§ Information supplied
== == ==

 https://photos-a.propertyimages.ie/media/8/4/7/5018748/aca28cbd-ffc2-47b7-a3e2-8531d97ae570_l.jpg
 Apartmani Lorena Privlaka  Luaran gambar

== == ==

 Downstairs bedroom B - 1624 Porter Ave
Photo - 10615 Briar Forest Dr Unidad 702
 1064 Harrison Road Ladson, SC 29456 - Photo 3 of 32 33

== == ==

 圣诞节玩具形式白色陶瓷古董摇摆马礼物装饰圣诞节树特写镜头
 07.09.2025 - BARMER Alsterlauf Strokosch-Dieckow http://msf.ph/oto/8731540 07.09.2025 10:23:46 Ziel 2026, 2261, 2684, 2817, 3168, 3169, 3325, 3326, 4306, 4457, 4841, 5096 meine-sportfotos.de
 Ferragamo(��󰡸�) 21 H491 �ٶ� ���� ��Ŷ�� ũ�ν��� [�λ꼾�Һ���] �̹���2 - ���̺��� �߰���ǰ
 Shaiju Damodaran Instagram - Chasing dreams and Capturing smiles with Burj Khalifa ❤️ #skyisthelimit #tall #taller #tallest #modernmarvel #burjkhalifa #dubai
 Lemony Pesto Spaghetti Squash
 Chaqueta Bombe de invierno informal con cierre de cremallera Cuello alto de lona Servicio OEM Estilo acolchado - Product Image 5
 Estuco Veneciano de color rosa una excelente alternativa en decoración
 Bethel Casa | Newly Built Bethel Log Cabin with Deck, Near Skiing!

== == ==

§ Exercise prompt
Only the lines above from the line containing "07.09.2025 - BARMER" through the line containing "Bethel Casa |" should be retyped, exactly and with both ends included.

§ Exercise answer
 07.09.2025 - BARMER Alsterlauf Strokosch-Dieckow http://msf.ph/oto/8731540 07.09.2025 10:23:46 Ziel 2026, 2261, 2684, 2817, 3168, 3169, 3325, 3326, 4306, 4457, 4841, 5096 meine-sportfotos.de
 Ferragamo(��󰡸�) 21 H491 �ٶ� ���� ��Ŷ�� ũ�ν��� [�λ꼾�Һ���] �̹���2 - ���̺��� �߰���ǰ
 Shaiju Damodaran Instagram - Chasing dreams and Capturing smiles with Burj Khalifa ❤️ #skyisthelimit #tall #taller #tallest #modernmarvel #burjkhalifa #dubai
 Lemony Pesto Spaghetti Squash
 Chaqueta Bombe de invierno informal con cierre de cremallera Cuello alto de lona Servicio OEM Estilo acolchado - Product Image 5
 Estuco Veneciano de color rosa una excelente alternativa en decoración
 Bethel Casa | Newly Built Bethel Log Cabin with Deck, Near Skiing!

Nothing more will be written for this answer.